Altri due tra i programmi selezionati sono guidati da ricercatori dell’Università di Milano-Bicocca e della Scuola Normale Superiore di Pisa. Inoltre, numerosi ricercatori e ricercatrici dall’Italia, in gran parte impegnati presso l’Inaf, partecipano come co-investigator a oltre 40 dei programmi prescelti, per un totale di circa 1570 ore di osservazione, circa un quarto del tempo totale dedicato ai programmi “General Observer”.
Fontana aggiunge: “Oltre ai sette programmi con principal investigator Inaf, l’istituto vede numerosi co-investigator coinvolti in oltre 40 programmi.
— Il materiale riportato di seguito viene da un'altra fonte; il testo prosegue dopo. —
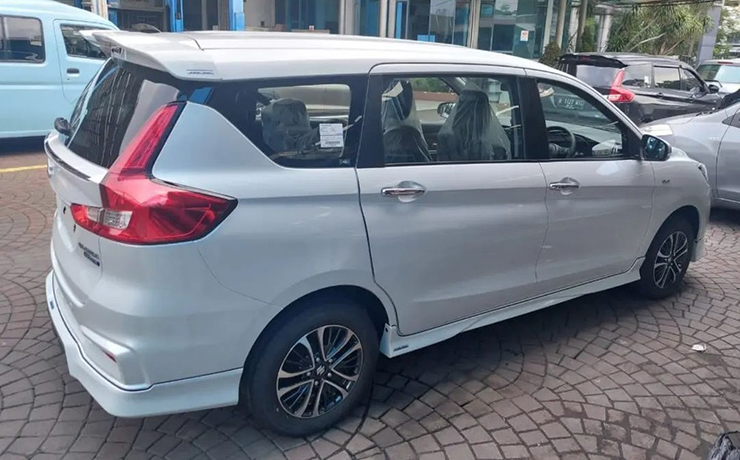 Suzuki Ertiga Sport Hybrid 2022 lộ diện hình ảnh thực tế trước giờ G - 9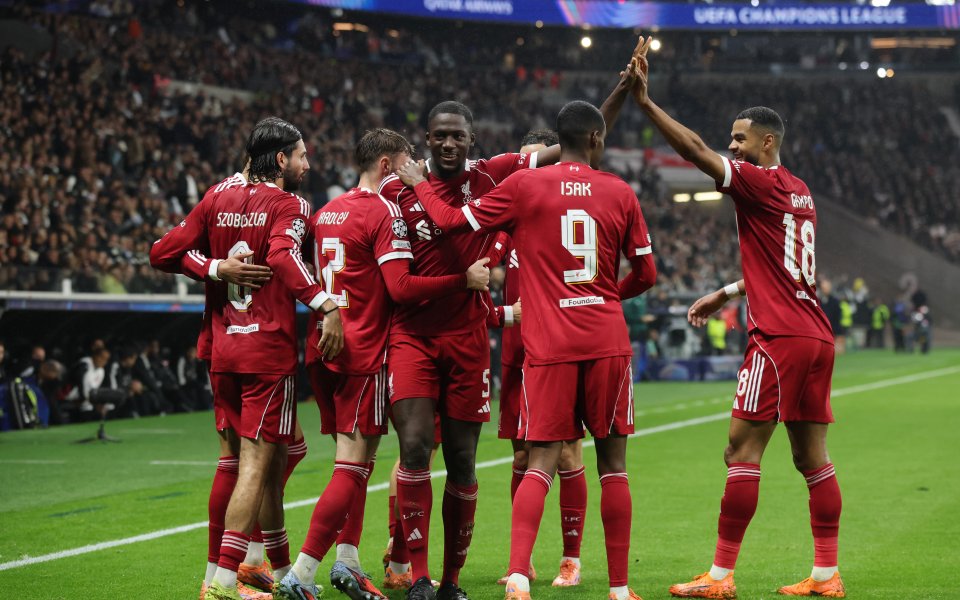 Ливърпул се върна на победния път с разгром над Айнтрахт Франкфурт, Вирц блесна с две асистенции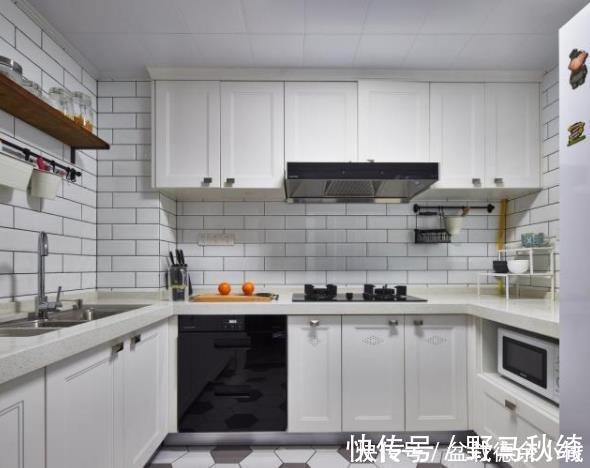 接缝|装修时,最机智的决定就是没听“专业人士”的建议,才拯救小厨房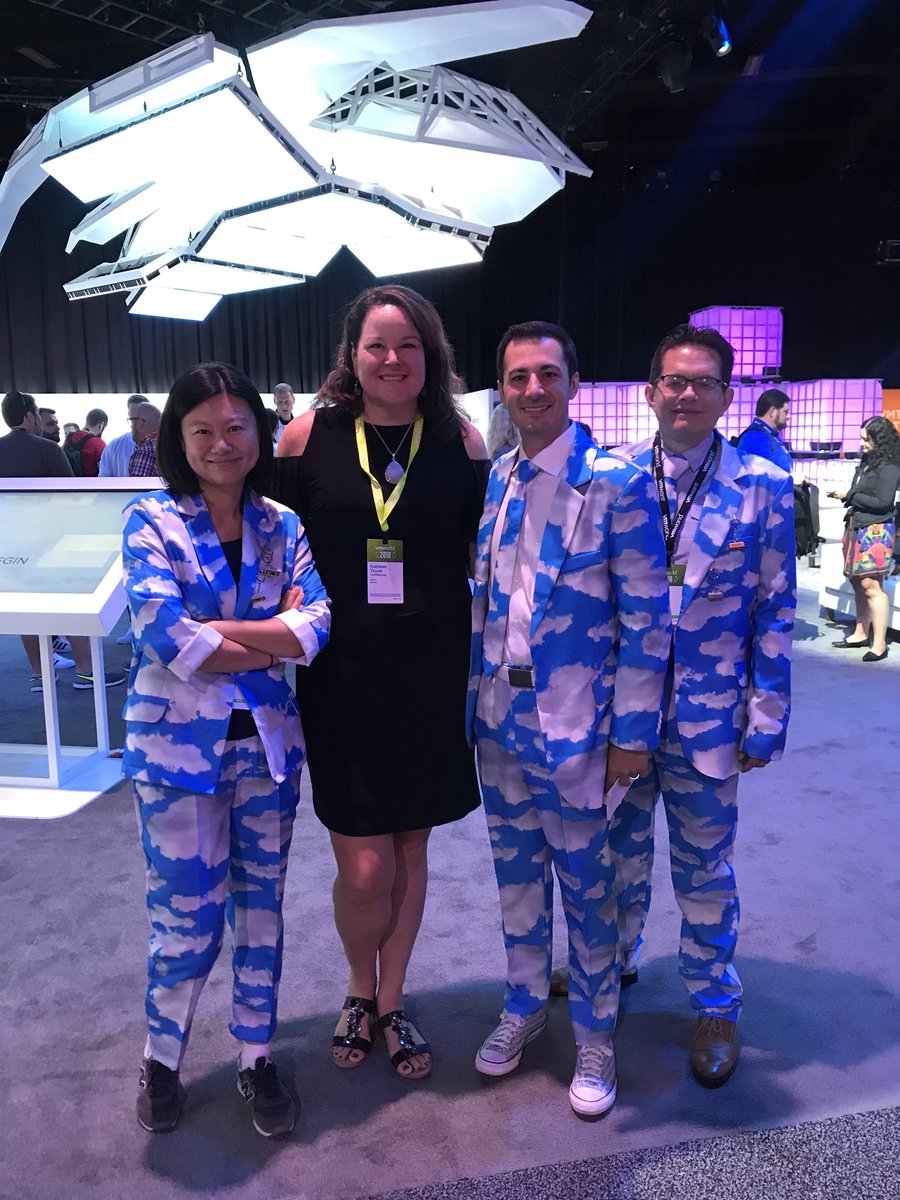 dailykat's tweet photo. Check out the @cloudnativeapps #ContainerSquad @vmwarecode booth at #VMworld https://t.co/sbL6KYd08O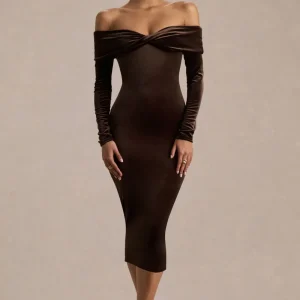 Compliment | Vestido Midi Bardot de Terciopelo Marrón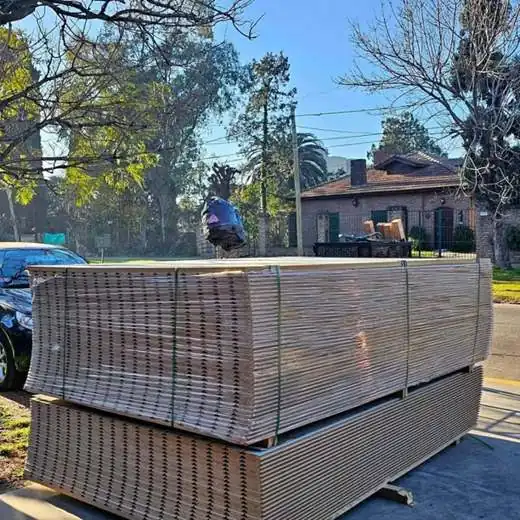 Placas de maderas ranuradas para comercio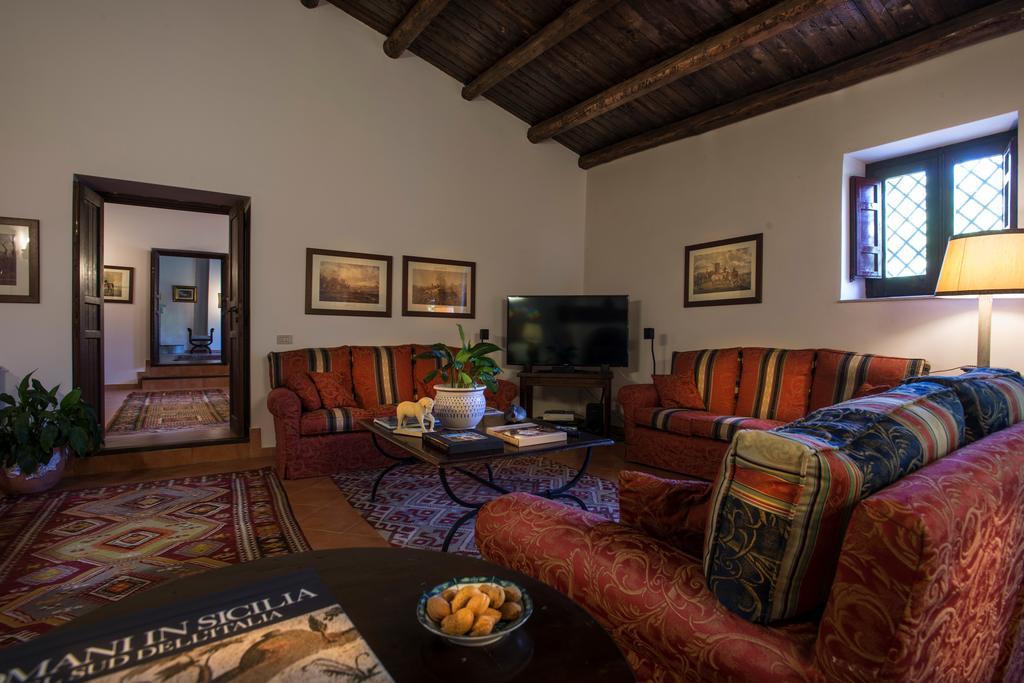 Masseria Rossella Piana Degli Albanesi Buitenkant foto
Tra essi figurano anche 4 dei 7 programmi ‘large’, che si sono aggiudicati tra 100 e 200 ore di osservazione ciascuno, per studiare galassie vicine, lontane e lontanissime, e comprendere la loro evoluzione attraverso le ere cosmiche.”
«Siamo anche coinvolti in 4 dei 13 programmi di Early Release Science, le primissime osservazioni che saranno condotte durante i primi cinque mesi delle operazioni scientifiche per iniziare a confrontarsi con i dati di Jwst». La selezione, che ha coinvolto circa 200 membri della comunità scientifica internazionale in qualità di revisori, è stata realizzata con successo in modalità anonima, senza che i revisori conoscessero l’identità dei proponenti, per ridurre l’impatto di eventuali bias inconsci e garantire un processo il più inclusivo possibile.
Jwst lascerà la California in estate, in nave, alla volta della Guyana Francese, dove il 31 ottobre sarà lanciato a bordo di un razzo Ariane 5. Una volta nello spazio, le prime sei settimane saranno dedicate alla complessa coreografia di dispiegamento delle varie componenti dell’osservatorio, mentre questo proseguirà il suo viaggio verso l’orbita operativa, un milione e mezzo di chilometri dalla Terra. Seguiranno sei mesi di collaudo ed infine, a 2022 inoltrato, si potrà dare inizio alle osservazioni.